Tips and tricks for collaborative data sharing.

To actually use it, you want some kind of database. But first you have to get it to put it in that database.

You can download it from some open data set library, although the workflow for many of these is not great, since there data gets uploaded once and then is static. Nonetheless this basic workflow is familiar and simple Try, say, Figshare, which hosts the supporting data for many amazing papers. E.g. here’s 1.4. Gb of synapses firing.

Fancier, you can also use a sync protocol for changing data. This is also not ideal for provenance if you are not tracking who changed what, when.

Now, let’s think of some more exotic options.

Google’s open data set protocol, which they call their “Dataset Publishing Language”, is a standard for medium-size datasets with EZ-visualisations


Qu publishes any old data from a mongodb store.

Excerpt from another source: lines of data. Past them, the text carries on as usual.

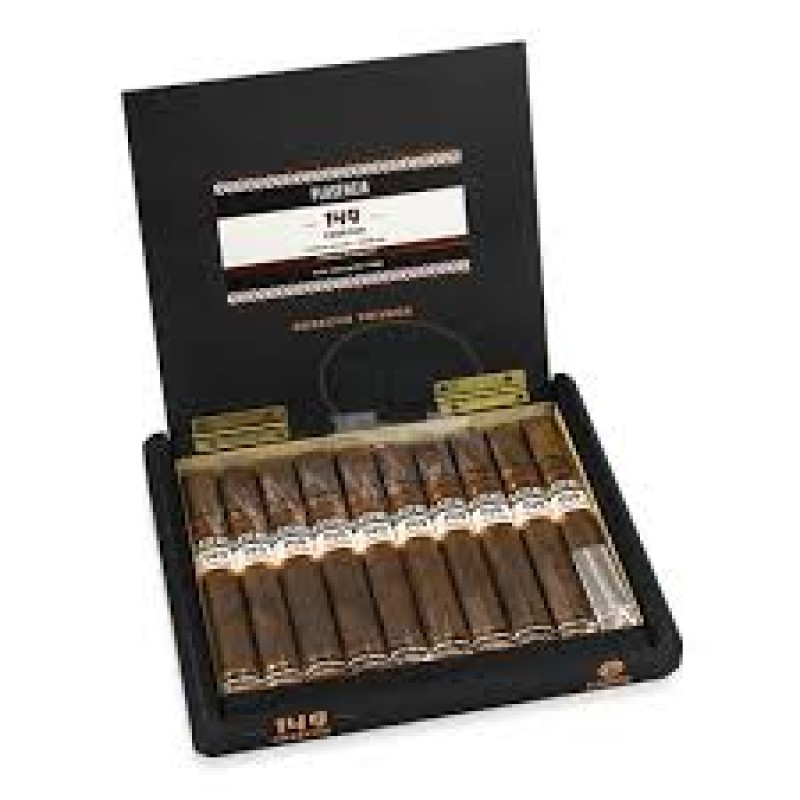 PLASENCIA COSECHA 149 - AZACUALPA TORO  10 CT BOX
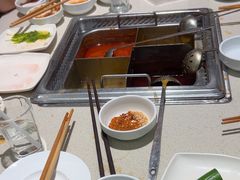 -海底捞火锅(亲子主题北金鹰店)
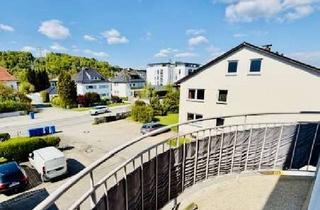 Wohnung kaufen in 84359 Simbach, Gemütliche 3 Zi. Galerie DG Wohnung mit sonnigem Balkon
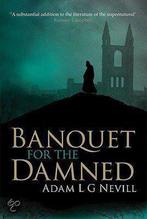 Banquet For The Damned 9780753513583, Adam L.G. Nevill, Adam L.G. Nevill, Verzenden
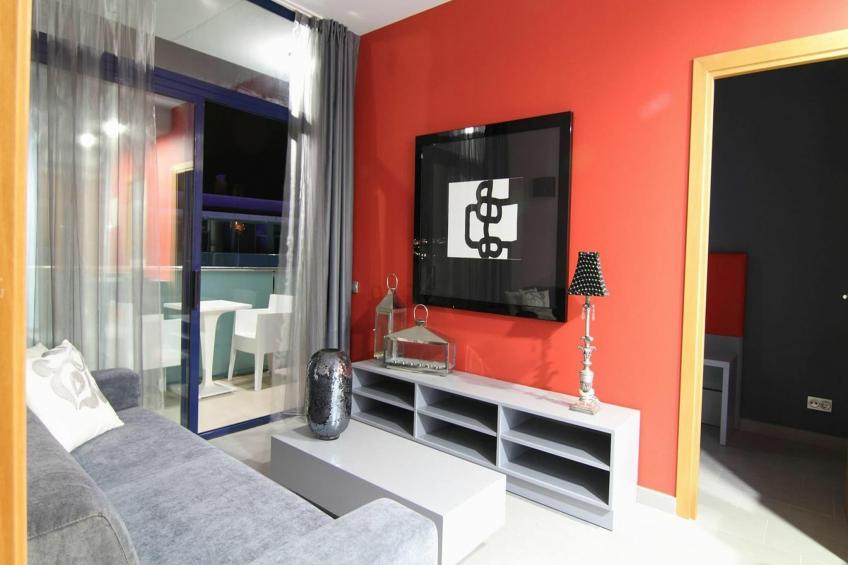 APOLO SUITES RENTALMAR ESTUDIO 4 PAX - foto 12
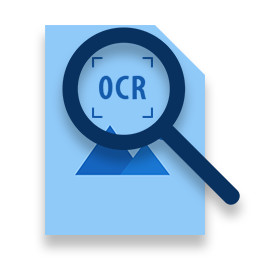 تشخیص متن در تصویر OCR
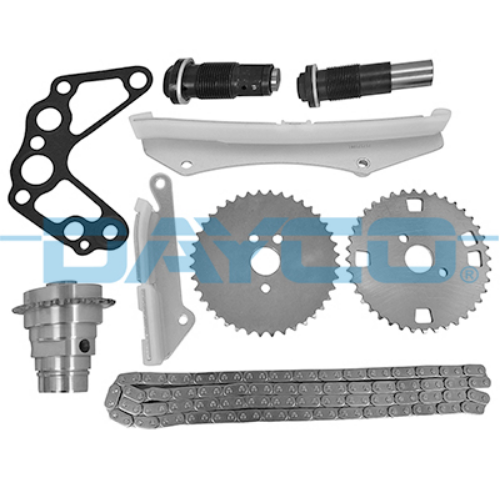 DAYCO KTC1054 Motor Kumanda Zinciri Seti - FIAT DUCATO Panelvan/Van (250_) uyumlu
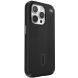 Защитный чехол Speck Presidio2 Grip MagSafe ClickLock для iPhone 15 Pro (150447-3205) - Black (350855B). Фото 3 из 9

One hip solution is dat, which shares and tracks updates to datasets in a distributed fashion. It attempts to be syncthing for open data with a special focus on scientific datasets.

Dat is the package manager for data. Share files with version control, back up data to servers, browse remote files on demand, and automate long-term data preservation. Secure, distributed, fast.

Rich ecosystems of distributed servers. GUI. I’m not sure what the points of friction would be for sharing of private data.